I have too much free time, it seems.

PM>>What definition of science are you using? No RW scientist follows
>>these precepts. =
>

JL>OK, here's some ammo to use against me: I am not a scientist.
>(as if you hadn't already guessed.)
>
>Common sense definition: science is knowledge.
>
>Your move.
>

I consider myself a scientist (when I get paid), and science is more about confirming your ideas about the natural laws to get something. When your ideas are proven wrong, sometimes you will make new ones, but preconceived theories are the base of science.

Science is a model. Just that. And to build a model you need to suppose how things work.

Ian or Katts>Ah yes, but not among those most Orthodox of Westerners, the Brithini.
>Malkion was a heretical Brithini, after all ...

Inmortality is the most anathema of spells to them, as a true brithini does not need them. I suspect you will suffer horrible tortures during all those long years you extended inmortality to...
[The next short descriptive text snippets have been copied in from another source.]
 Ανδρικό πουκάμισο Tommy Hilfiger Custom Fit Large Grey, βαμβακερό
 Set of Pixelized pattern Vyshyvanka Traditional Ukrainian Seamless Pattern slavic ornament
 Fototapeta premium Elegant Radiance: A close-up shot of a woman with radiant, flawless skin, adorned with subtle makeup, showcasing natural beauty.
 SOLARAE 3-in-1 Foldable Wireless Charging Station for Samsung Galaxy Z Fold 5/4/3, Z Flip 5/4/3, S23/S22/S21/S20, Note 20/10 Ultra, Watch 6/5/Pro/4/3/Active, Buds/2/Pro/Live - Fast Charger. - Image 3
[JL again]>Undigestible Glorantha Digest number 599 archived unread. Can any one tel=
>l me what was in it?=
>

More early third age hammering with still more second age source tossing. Actually I liked it. It is fun to see how they try to reach a consensus only to change the subject of the argument.

And both convince me. Is that dangerous?

[JL]>Well, yes, but I meant what I said, albeit laconically.
>Gloranthan clan leaders, kings, generals, emperors,
>shopkeepers, ship captains and other practitioners of
>politics and economics surely take steps to ensure
>the best use of the magics that they or their assistants and
>subordinates command. IMO this invalidates many parallels
>one could be tempted to draw between RW pre-industrial economies
>and the magical economies of Glorantha.

Don't forget you are dealing with Religion and the Divine. Magic is only a fixed affair for the Brithini. For the rest, tradition and prejudice hold more weight. And anyway tradition and prejudice are 100% brithini too.
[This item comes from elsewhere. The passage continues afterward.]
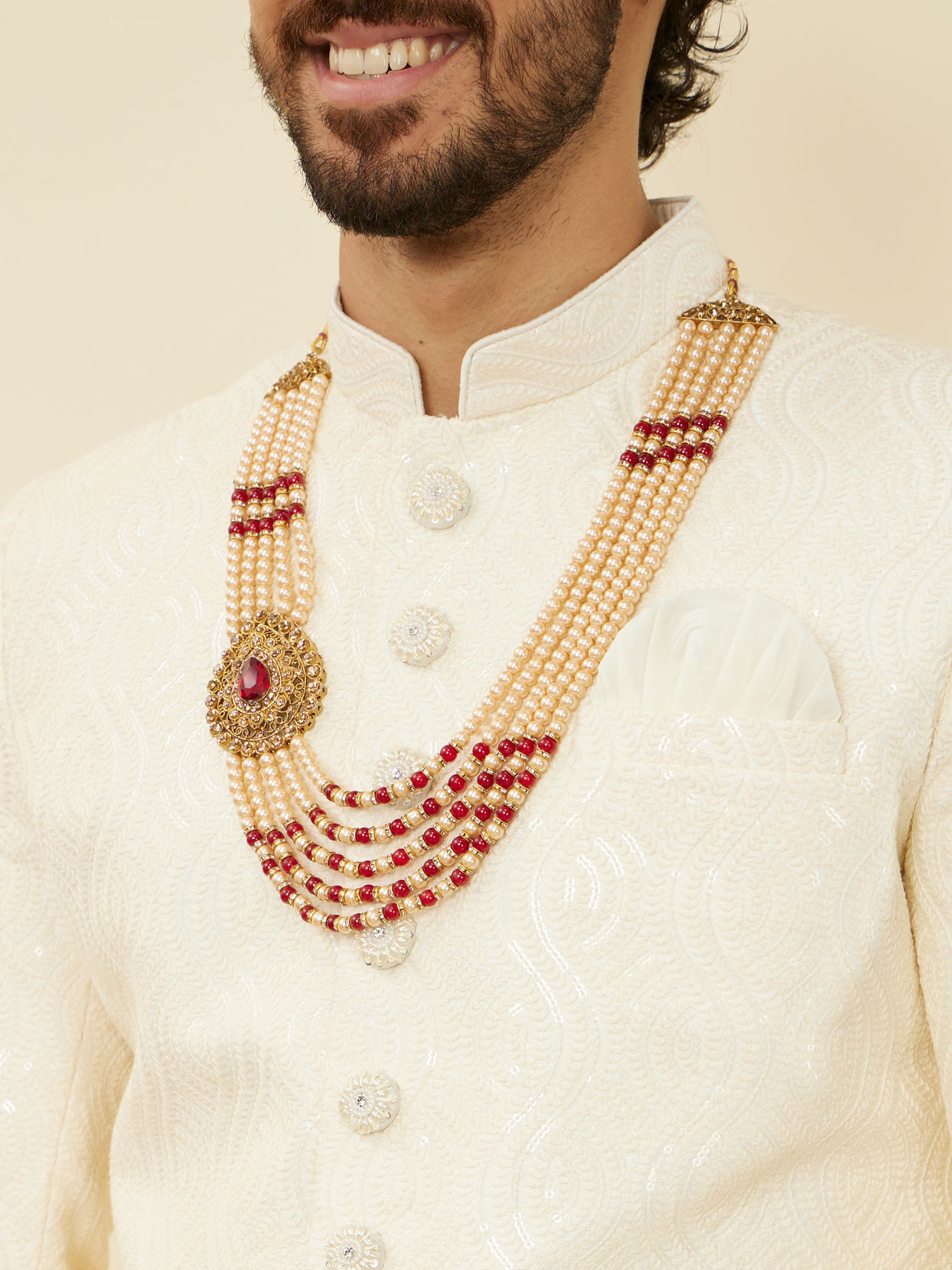 alt message - Manyavar Men Cream and Maroon Pearl Layered Mala with Pendant image number 2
[NB]>Julian Lord follows up someone's mention in passing:

Hey, I've got a name (and I am not cited often).

I agree with Nick's views on Solace. Indeed, one of the charms of henotheism is that it offers many new spiritual helpers that will help you along. Maybe you don't make it into Solace in the first try, but a short stint in Zorakarkat legion of Demons and if you behave well, you will reach there, eventually. Unless the Green Lady decided to send you back to Glorantha for a rematch. Or Orland, who never leaves one of his own, offers you shelter in his camp until you are ready. And simple dissolution is too light for sinners, so they will suffer unspeakable tortures in hell before dissolving. Although if you are a Felstran who dies far from the lake your soul will become one of the sorrwful lakegulls, always crying their loss, and yearning for the waters. And the list goes on and on. Pick any country in Safelster and you will have at least twenty different takes of Solace.

[NW]>My theory is that Malkioni saints are rather like
>mahayana buddhist bodhisattvas, i.e. they have achieved
>Solace but chosen to remain "hovering" between the
>mundane world and Solace in order to help the remaining
>people to be good and virtuous so that they can also
>goto Solace upon death.

This has the added advantage that in the RW some bodhisattvas have been worshipped as gods, something that happens in henotheist lands too.

I take Saint to mean a human (or other mortal race) that has attained grace and still hangs on to help others reach Solace. That means that for some henotheists Orlanth, Ehilm and company were people in the far past who did great things and now are helping others. Nick stressed the humanocentric nature of Malkioni society in his gods essay, and that is IMO the most important feature of Malkionism. Everything was made for, or by, men. And a man will be saved or lost by his own merits, with a little help from his friends.

I like that human superiority complex, even if taken to the extreme it produced the God Learners, the ultimate human supremacists. There is something gratifying in being above the gods.